Client

class nvidia_resiliency_ext.fault_tolerance.rank_monitor_client.HeartbeatTimeouts(initial=None, subsequent=None, were_calculated=None)[source]

Bases: object

Contains hearbeat related timeouts used by FT. - initial is the timeout for the first heartbeat. - subsequent is the timeout for the subsequent heartbeats.

Usually, the first heartbeat takes longer to be sent, hence there are 2 separate timeouts. - were_calculated indicates whether the timeouts were calculated from

the observed heartbeat intervals or defined in the (YAML) config.

Parameters:
  • initial (float | None)

  • subsequent (float | None)

  • were_calculated (bool | None)

class nvidia_resiliency_ext.fault_tolerance.rank_monitor_client.RankMonitorClient[source]

Bases: object

RankMonitorClient is a client for RankMonitorServer. Its instances are created in each rank process. After creation, IPC connection can be established with RankMonitorServer using .init_workload_monitoring. The client should send heartbeats to the server, which monitor its health. Heartbeats are sent with .send_heartbeat.

RankMonitorServer monitors time between heartbeats and can detect hangs. RankMonitorClient can estimate suitable timeouts for the heartbeats, that will be used instead of values provided in the FT config. If there are timeouts predefined in the FT config and timeouts calculated, the calculated timeouts always take precedence. Currently used timeouts can be read from timeouts field. New timeouts can be calculated and set with .calculate_and_set_timeouts.

Stateful protocol (.state_dict() .load_state_dict()) is used to persist the state of the client, e.g. calculated timeouts.

RankMonitorClient logger is used for logging.

Basic initialization of RankMonitorClient instance. .init_workload_monitoring() and .load_state_dict() need to be called to fully initialize. Full FT configuration will be obtained from the server via IPC.

calculate_and_set_timeouts(skip_if_not_ready=False)[source]

Calculates and sets the timeouts used for hang detection.

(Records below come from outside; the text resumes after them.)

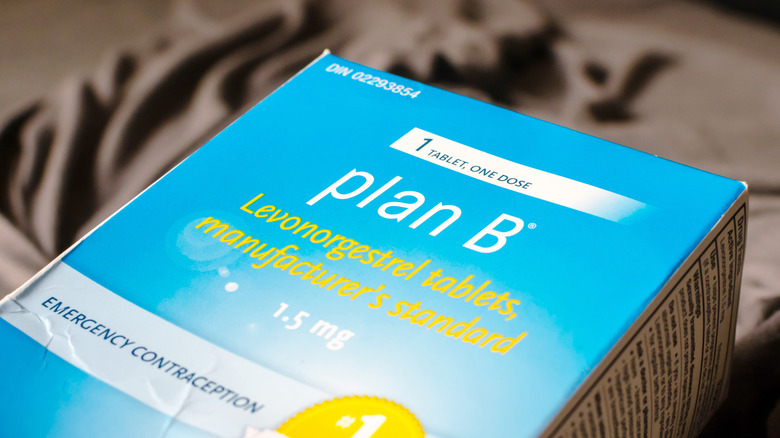 a box of plan b lays on the bed 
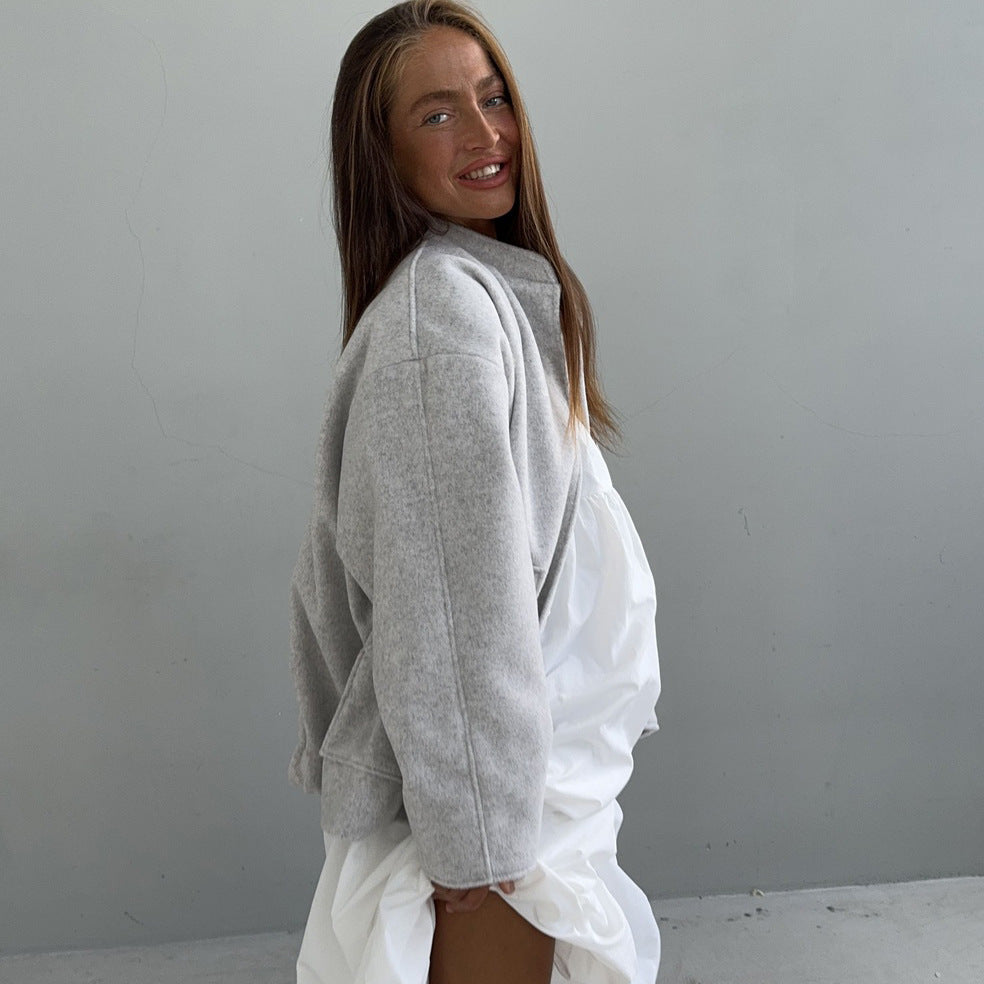 Oversized wool coat for women with simple button details and practical pockets Lune London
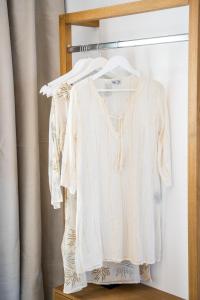 a white shirt on a hanger in a closet at Yploui Suites in Karpathos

NOTE: this call synchronizes the calculated timeouts across all ranks. NOTE: if calculated timeout value is smaller that currently used, the new value is ignored.

Parameters:

skip_if_not_ready (bool, optional) – If True, silently skips the calculation if there is not enough data collected. Otherwise error will be raised. Defaults to False.

Returns:

True if the timeouts were calculated and set successfully. False is returned only

if calculation was not possible and skip_if_not_ready was True.

Return type:

bool

init_workload_monitoring()[source]

Initializes the fault tolerance and connects to the RankMonitorServer.

Return type:

None

load_state_dict(state)[source]

Loads the state of the RankMonitorClient from a dictionary.

Can be called at any momemnt e.g. before init_workload_monitoring or after.

Parameters:

state (Mapping[str, Any]) – (Mapping[str, Any]): The state as returend from the state_dict method.

Return type:

None

send_heartbeat()[source]

Sends a empty (not containing a state) heartbeat message to the rank monitor server.

Return type:

None

shutdown_workload_monitoring()[source]

Shutdown the workload monitoring and close the connection to the RankMonitorServer.

state_dict()[source]

Returns the state dictionary of this RankMonitorClient object.

NOTE: this method returns the same values on all ranks,

there are no rank-specific values in RankMonitorClient state.

Returns:

The state dictionary containing the current state.

Return type:

Mapping[str, Any]

exception nvidia_resiliency_ext.fault_tolerance.rank_monitor_client.RankMonitorClientError[source]

Bases: Exception